Manufacturer-recommended service intervals are like these kinds of warnings...
... designed solely to protect against tort law and overly litigious fraudsters that all consumers are deep down inside.
You know, here, let me just copy and paste my canned answer from previous threads about service intervals...
My take is a bit different. It’s still a mechanical watch. There are still gears pushing gears, pivots turning in jewels, mainspring winding and releasing, rotor rotating, etc. There will be wear, dust and debris. I don’t think GS denies that. It may take many, many years for the effect to become noticeable but like every mechanical watch, there will be wear.
The unique bit about Spring Drive is that quartz, electronic control will act to keep the watch dead accurate even if/when the movement is grinding itself to dust. You will have no warning short of catastrophic failure where the electronics can no longer keep control.
My overall view of Spring Drive is that it’s a Rube Goldberg machine. It’s a complex and expensive solution to a problem that nobody asked to be solved. Quartz were already dead accurate. Mechanical were already very, very accurate. Spring Drive has the heart of quartz with the service requirements of a mechanical, literally the worst of both worlds.

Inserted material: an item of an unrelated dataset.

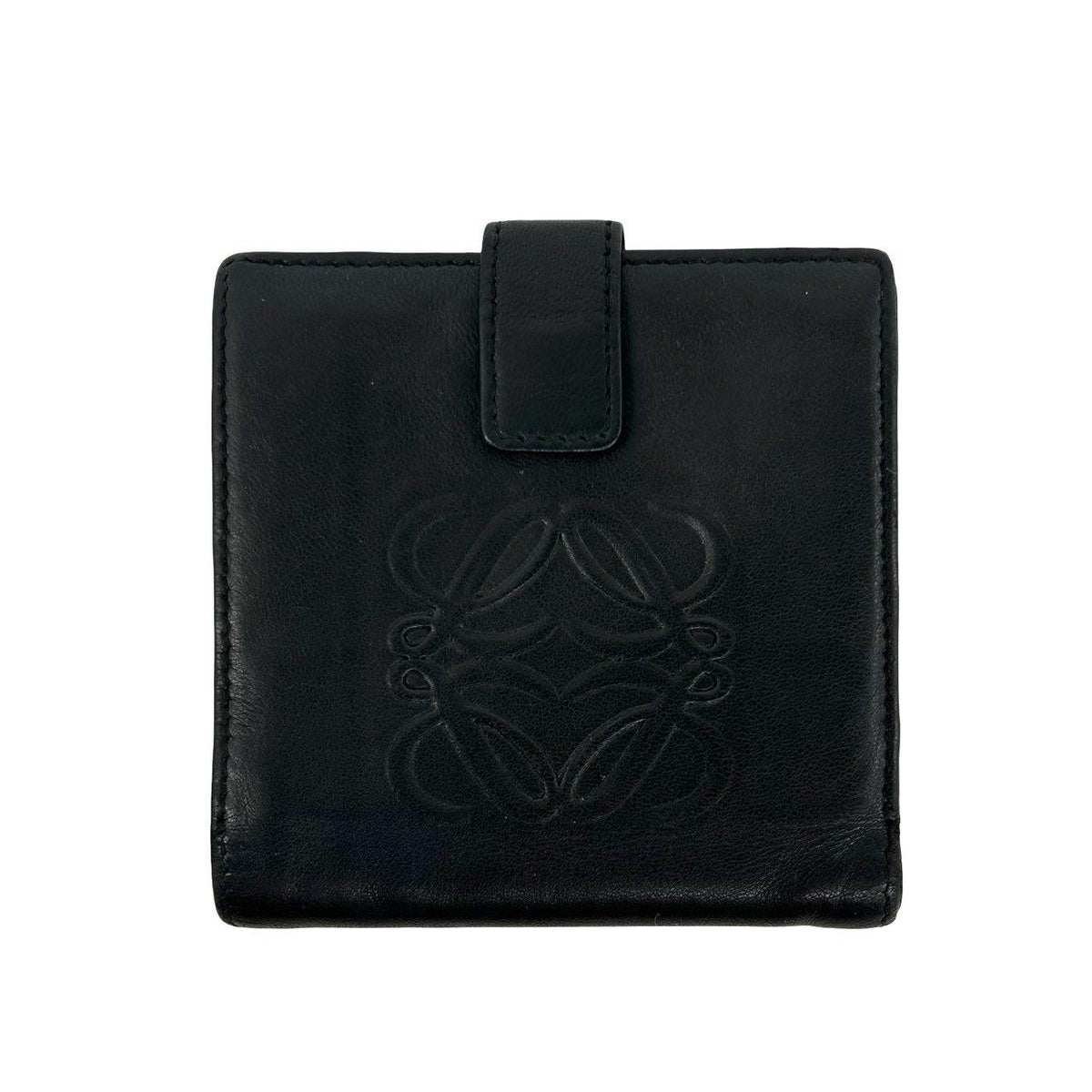 ロエベ ナッパレザー二つ折り財布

My leading GS contender is the blue Hi-beat version of the GMT shown above. Too bad it’s such a massive case. Still, I would choose any Hi-beat over any Spring Drive. But that’s just me. YMMV
My take is a bit different. It’s still a mechanical watch. There are still gears pushing gears, pivots turning in jewels, mainspring winding and releasing, rotor rotating, etc. There will be wear, dust and debris. I don’t think GS denies that. It may take many, many years for the effect to become noticeable but like every mechanical watch, there will be wear.
The unique bit about Spring Drive is that quartz, electronic control will act to keep the watch dead accurate even if/when the movement is grinding itself to dust. You will have no warning short of catastrophic failure where the electronics can no longer keep control.
My overall view of Spring Drive is that it’s a Rube Goldberg machine. It’s a complex and expensive solution to a problem that nobody asked to be solved. Quartz were already dead accurate. Mechanical were already very, very accurate. Spring Drive has the heart of quartz with the service requirements of a mechanical, literally the worst of both worlds.
My leading GS contender is the blue Hi-beat version of the GMT shown above. Too bad it’s such a massive case. Still, I would choose any Hi-beat over any Spring Drive. But that’s just me. YMMV
I think your nicely reasoned and thoughtful response is why I posted this. Plus I did a search and did not see anything. Which is strange given GS usually offers in both SD and HB. These were the thoughts going though my mind and they are valid concerns. I guess lack of battery and that smooth sweep second hand would have to outweigh the concerns.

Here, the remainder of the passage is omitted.